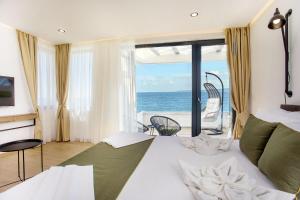 a bedroom with a bed and a view of the ocean at Olive Villas Beach Hotel in Sozopol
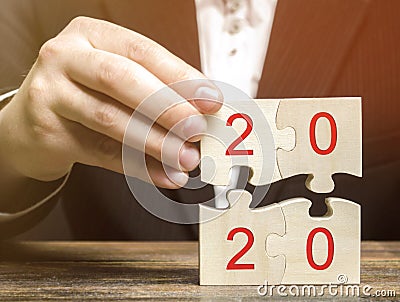 Businessman collects wooden puzzles with the inscription 2020. New Year concept. Plan, planning. Business goals and strategy for Stock Photo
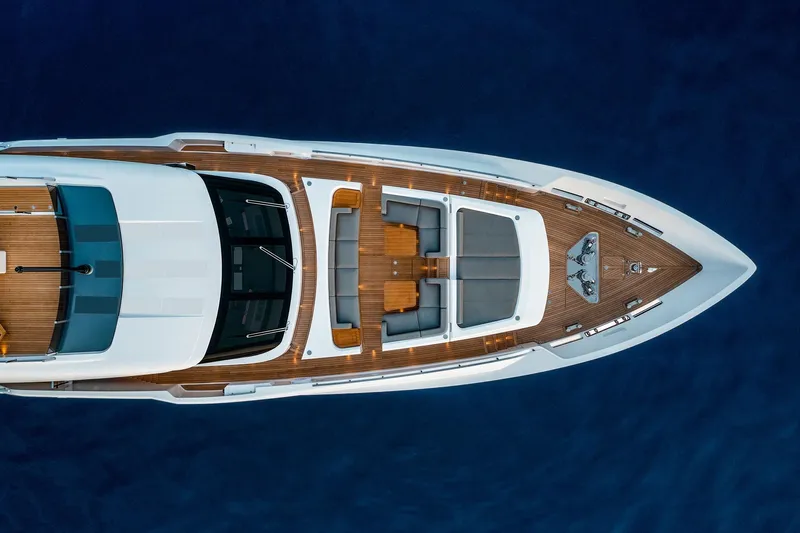 Miotu Yacht Photos Pics Overhead view of 2022 Custom Line CL 140 yacht on deep blue water.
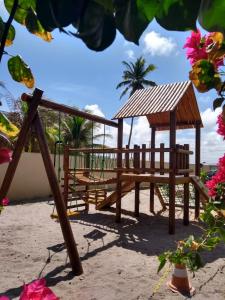 ポルト・デ・ガリーニャスにあるFlat Manawa A03のビーチにガゼボのある木製の遊び場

__________________________________________________

*EXERCISE PROMPT:*
Every line from the one containing "Businessman collects wooden" to the last line of the material must be returned exactly. Leave out any pictures.

*EXPECTED OUTPUT:*
 Businessman collects wooden puzzles with the inscription 2020. New Year concept. Plan, planning. Business goals and strategy for Stock Photo
 Miotu Yacht Photos Pics Overhead view of 2022 Custom Line CL 140 yacht on deep blue water.
 ポルト・デ・ガリーニャスにあるFlat Manawa A03のビーチにガゼボのある木製の遊び場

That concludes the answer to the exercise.